# Problem to work on
Exactly reproduce the lines from the line bearing "aespa Karina aespa" through the end of the listing, inclusive of both; pictures are to be omitted.

# Extracted data
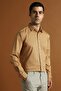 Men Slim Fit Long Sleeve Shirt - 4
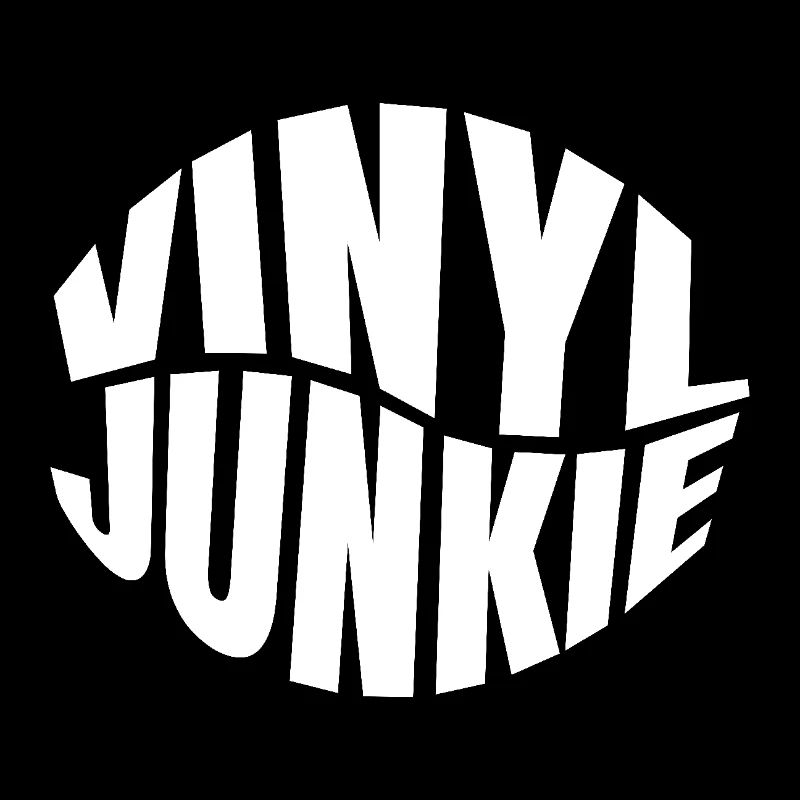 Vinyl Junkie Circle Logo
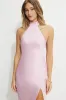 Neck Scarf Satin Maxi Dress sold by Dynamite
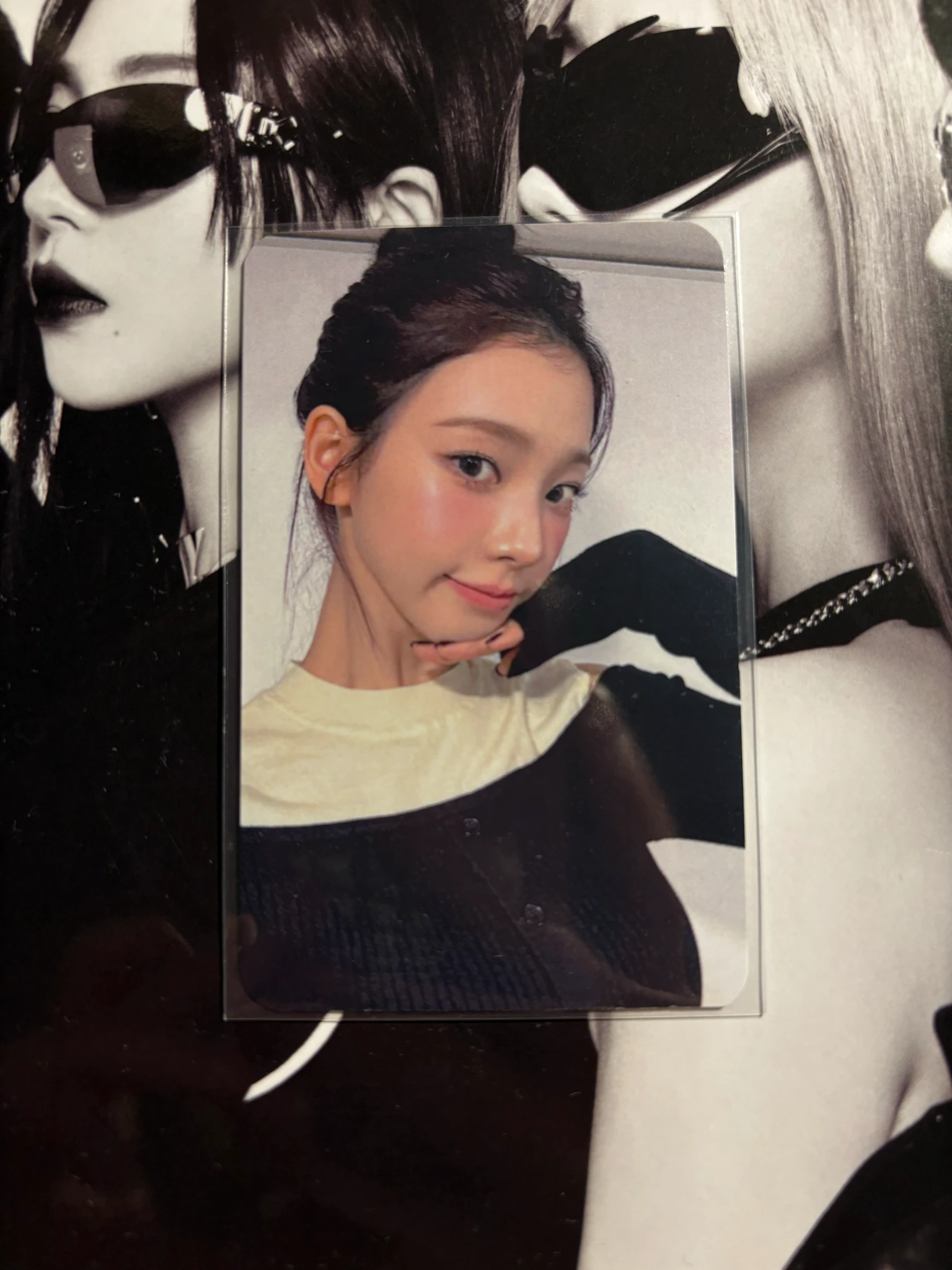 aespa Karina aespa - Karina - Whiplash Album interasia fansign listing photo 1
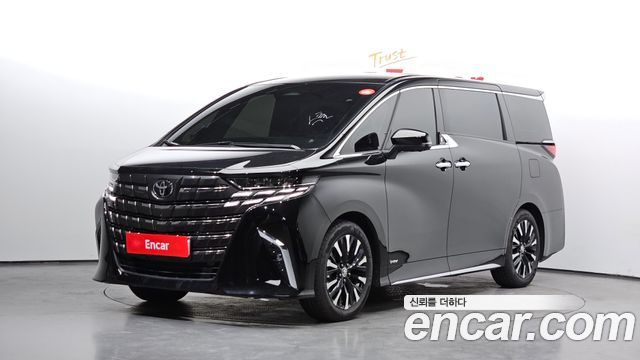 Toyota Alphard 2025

# Response to this exercise
 aespa Karina aespa - Karina - Whiplash Album interasia fansign listing photo 1
 Toyota Alphard 2025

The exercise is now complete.